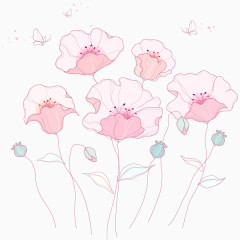 粉色荷花叶蝴蝶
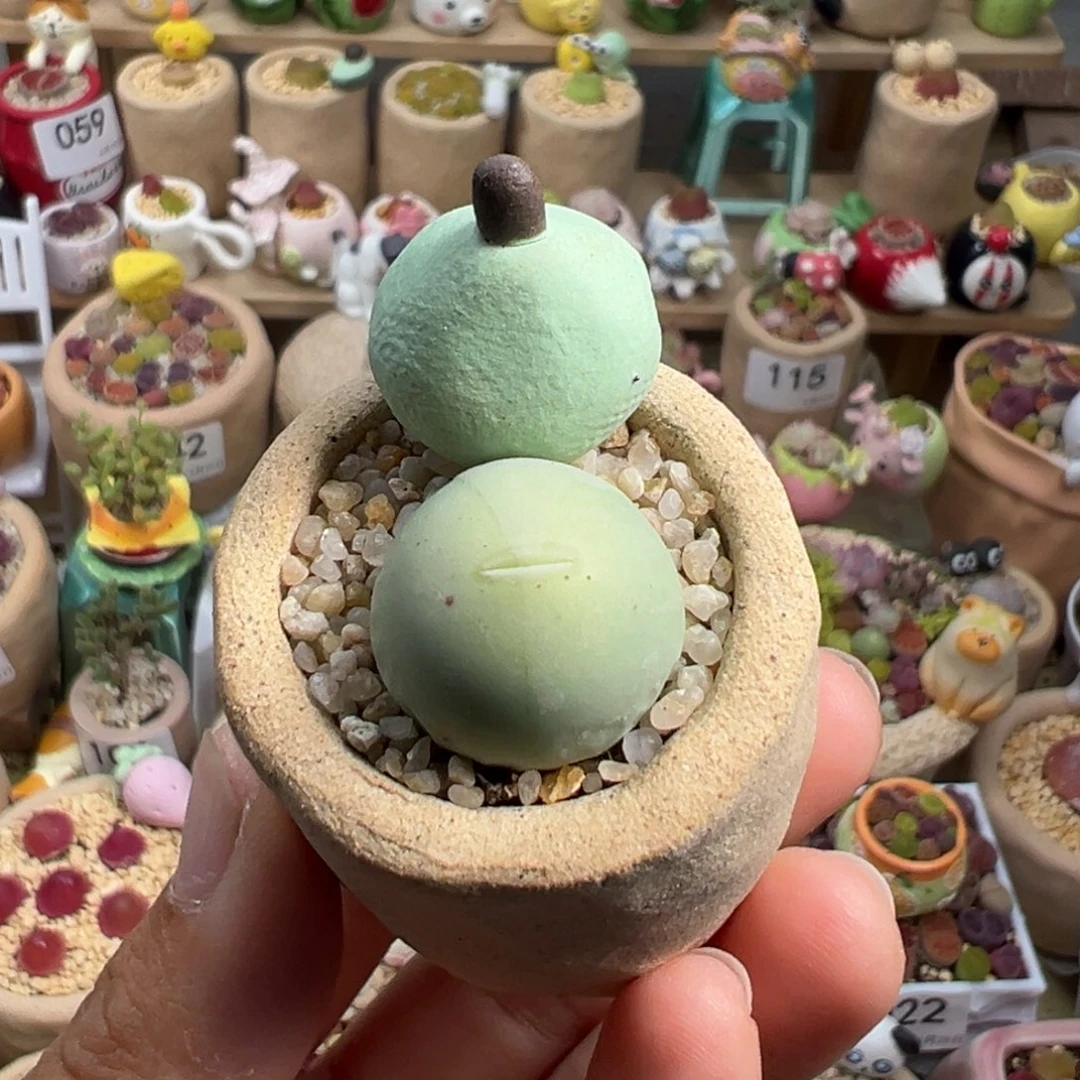 多肉植物124号鸽子蛋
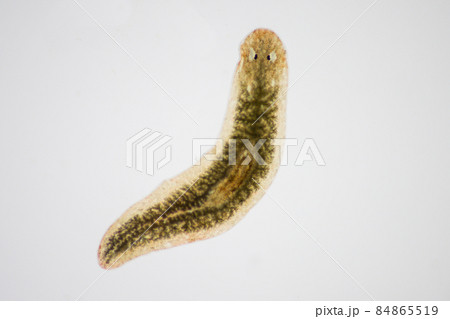 Planarian parasite (flatworm) under microscope view. Planarian parasite (flatworm) under microscope view. 84865519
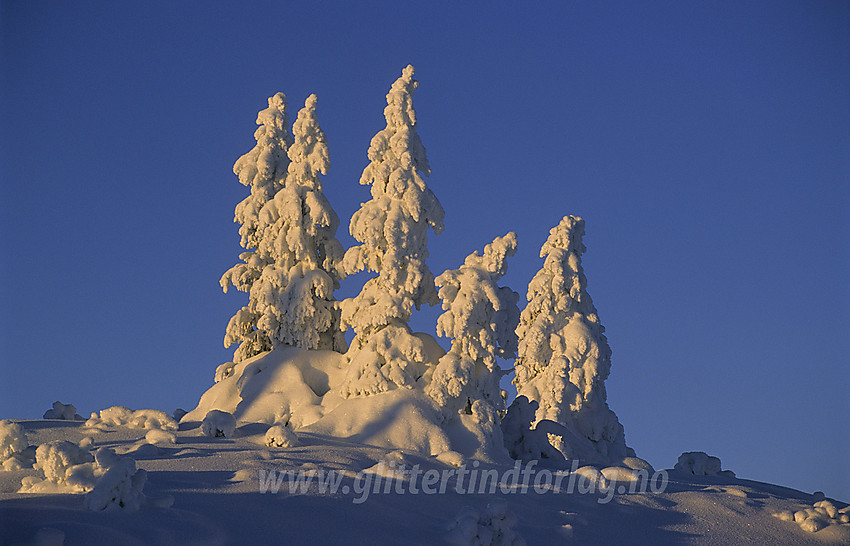 Vintereventyr i desember. På vei til Skardåsen i Nord-Aurdal.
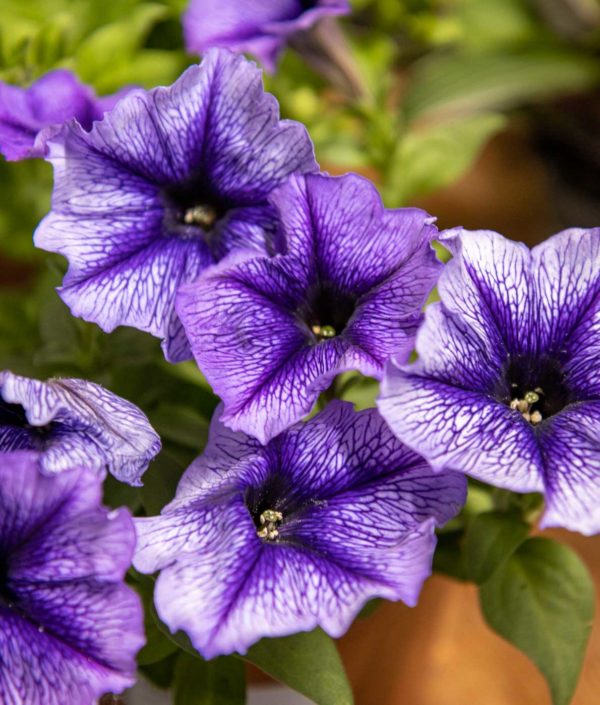 Petunia Indigovein R13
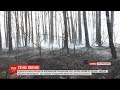 Житомирська область у вогні: навколишні села вигоріли до цурки через паліїв трави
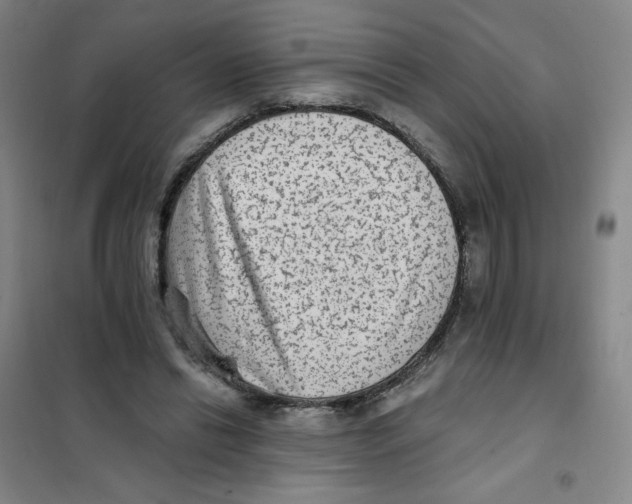 X0000101110446200807241139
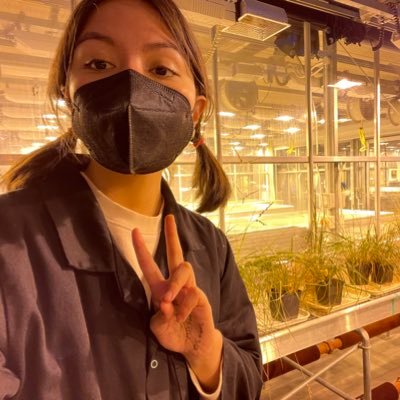 postdoctoral researcher @Cambridge_Uni  @plantphys_cam, studying maize NPQ with @photosynthth_2030 🇲🇽 🌱 (she/her)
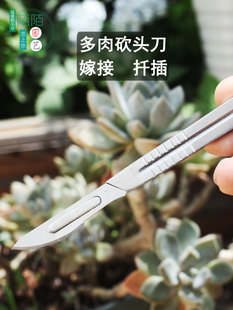 园艺多肉嫁接刀芽接刀植物砍头刀月季分株工具手工果树修枝刀包邮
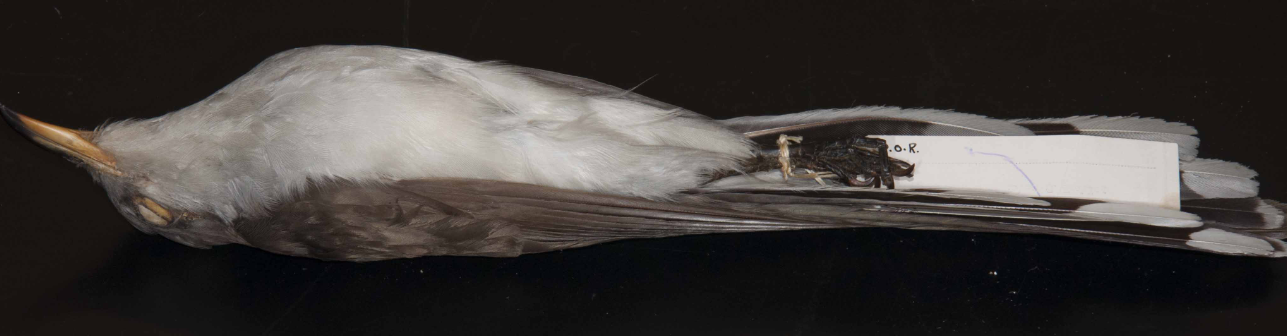 <p>Cuckoo</p>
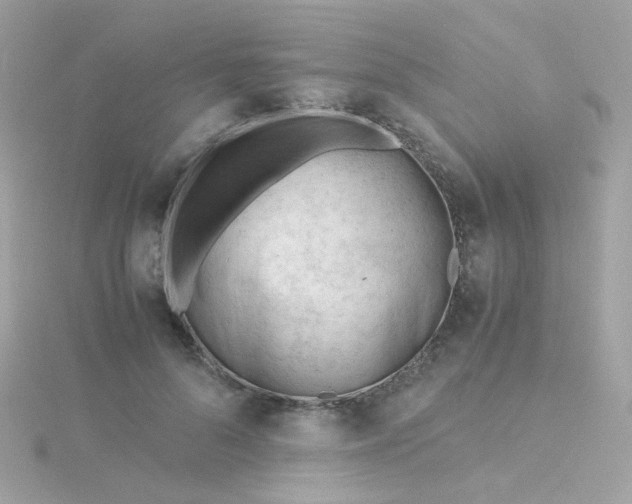 X0000115680696200911251752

□ □ □ □ □ □ □

## WORK REQUEST
Make an exact copy of all the material, but keep the pictures out of it.

## RESULT OF THE EXERCISE
 粉色荷花叶蝴蝶
 多肉植物124号鸽子蛋
 Planarian parasite (flatworm) under microscope view. Planarian parasite (flatworm) under microscope view. 84865519
 Vintereventyr i desember. På vei til Skardåsen i Nord-Aurdal.
 Petunia Indigovein R13
 Житомирська область у вогні: навколишні села вигоріли до цурки через паліїв трави
 X0000101110446200807241139
 postdoctoral researcher @Cambridge_Uni  @plantphys_cam, studying maize NPQ with @photosynthth_2030 🇲🇽 🌱 (she/her)
 园艺多肉嫁接刀芽接刀植物砍头刀月季分株工具手工果树修枝刀包邮
 <p>Cuckoo</p>
 X0000115680696200911251752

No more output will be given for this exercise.